2019-04-04 Thread Richard Damon
I think is logic is to attempt to insert a row, and if rather than
inserting it, the call returns the error condition, 'Database Full', you
remove a record and then try again (a form of error recovery), if it
succeeds, then you go on and get more data.

If full was X records, then they would ALWAYS get room to add a new
record after deleting one. Since the reported issue is that it can
require the deletion of possibly very many records to get space to
succeed tells me that 'full' is size based (maybe a max number of
pages).
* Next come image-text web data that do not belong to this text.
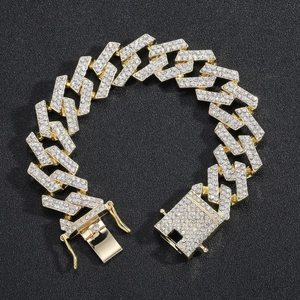 19mm iced out gold Cuban link bracelet for men with sparkling cubic zirconia crystals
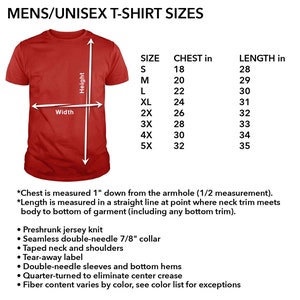 May include: A red t-shirt with a white outline showing the measurements for width and height. A chart shows the size, chest measurement in inches, and length measurement in inches for sizes S through 5X.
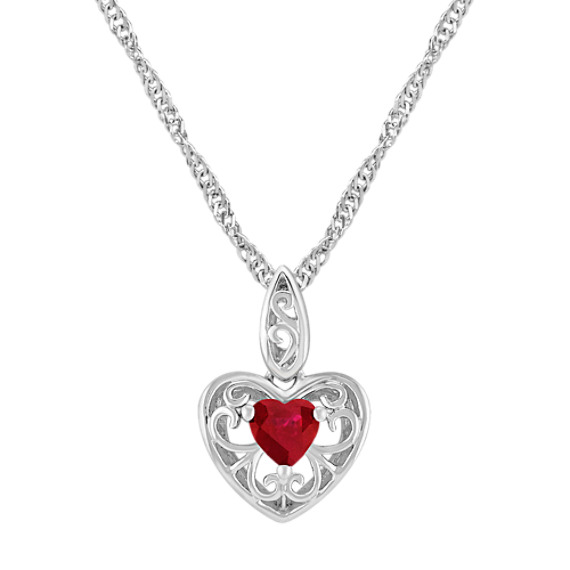 Heart-Shaped Ruby and Sterling Silver Pendant (18") Heart-Shaped Ruby and Sterling Silver Pendant (18")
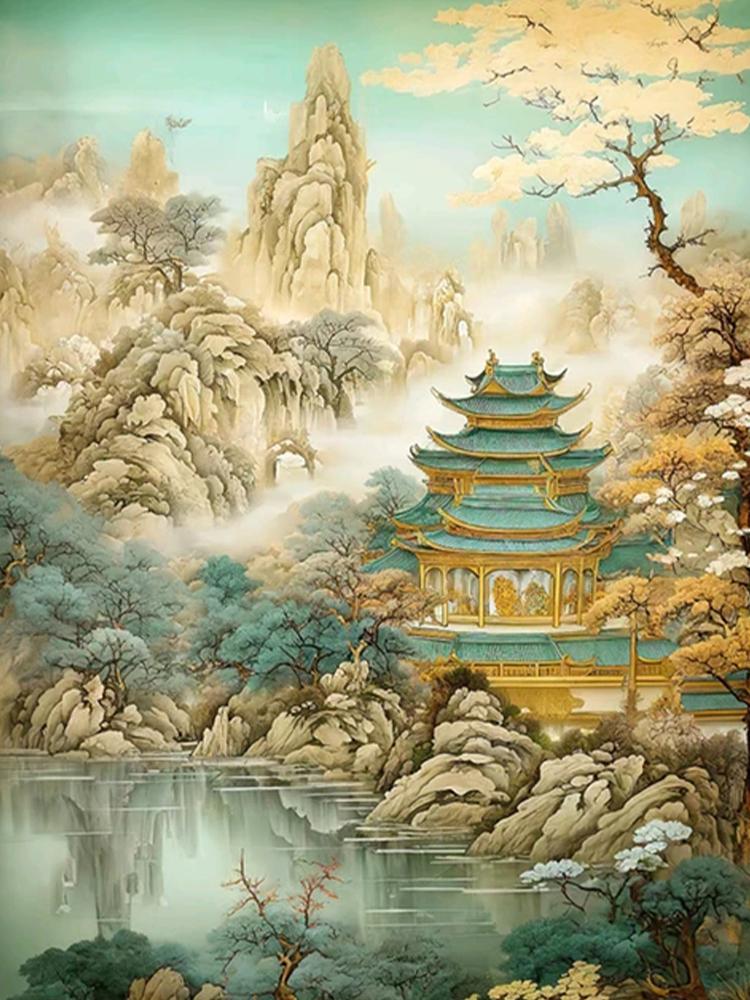 Diamant-Kunstsammlung im chinesischen Stil, Berg-Wasserfall-Landschaft, Kunst, 5D-Diamant-Stickerei, Mosaik, Heimdekoration, Kreuzstickerei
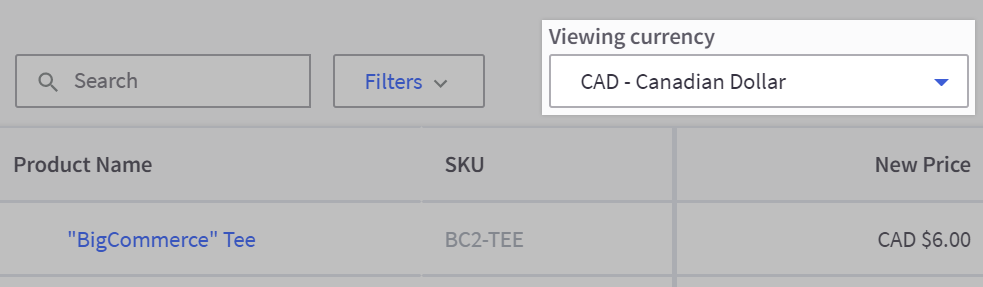 Currency selector highlighted on the Add/Edit Price List page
If the record being added is on the larger size of all the 'same
sized' records, then you need to keep deleting records until you get one
that big, or delete two that are consecutive so that you get a large
enough space, or you delete a records that has some spare space next to
it giving enough room.

One issue with this definition is that you can't tell if the database is
currently full except by trying to add the record (or knowing a LOT of
internal details of record storage), which is what the code is doing.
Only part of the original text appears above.